Based on the information from this site, Florida executed a man by the name of Willie Darden for a crime he couldn't have committed. The conviction was based on a gun that could no way be traced to Willie. Key witnesses were not allowed to testify in the case. The person who identified Willie in a line up admitted that all blacks looked alike to her. Willie was the only black person in the line up. Supreme Court Justice Blackmun noted. "If ever a man received an unfair trial, Darden did." Also according to this site, African-Americans make up half the death row populations in North Carolina, South Carolina, Ohio, Delaware, Mississippi, and Virginia. Over two-thirds of the people on death row in Pennsylvania, Illinois, and Louisiana. More than 3 out of four people waiting to be executed in Federal and U.S. Military prisons are African-American. And, 90% of the people U.S. Government prosecutors seek to execute are Black or Latino.

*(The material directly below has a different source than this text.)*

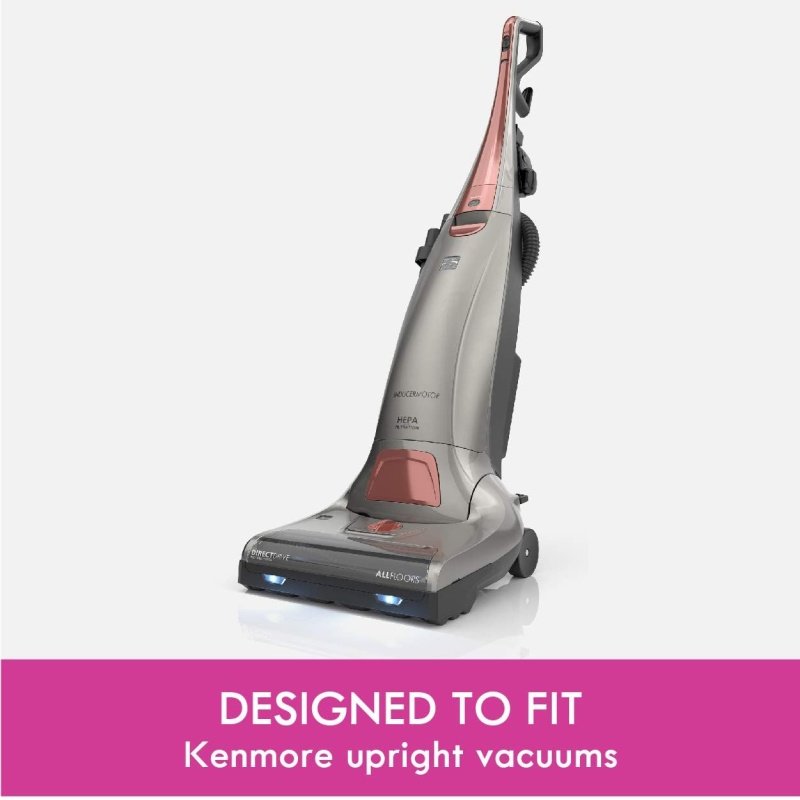 Kenmore 53294 Style O HEPA Cloth Vacuum Bags - Image 2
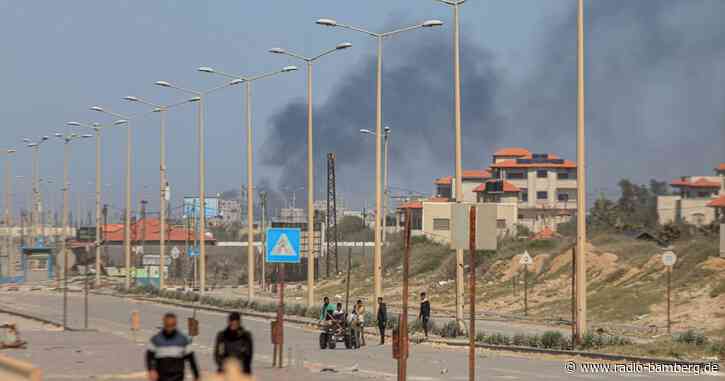 Innenministerium sagt Aufnahme von 147 Menschen aus Gaza zu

During my research through the Internet, I came across, The Clark County Prosecuting Attorney: The Death penalty (www.clarkprosecutor.org). This website has information on executions from 1977. According to this site 35.8% of the people executed were black males, and, that they make up 42.9% of people on death row. To help support this information I continued my search. To help support the fact that the death penalty is in fact racists, I found information on the website www.thegully.com that stated African Americans are 12 percent of the U.S. population, but are 43 percent of prisoners on death row. Although Blacks constitute 50 percent of all murder victims, 83 percent of the victims in death penalty cases are white. Also, since 1976 only ten executions involved a white defendant who had killed a Black victim.
The final source used in my research that I will discuss is The History of the Death Penalty, (www.deathpenaltyinfo.msu.edu,) which provides a vast amount of information on the subject of deterrence, execution of innocent defendants, and discrimination.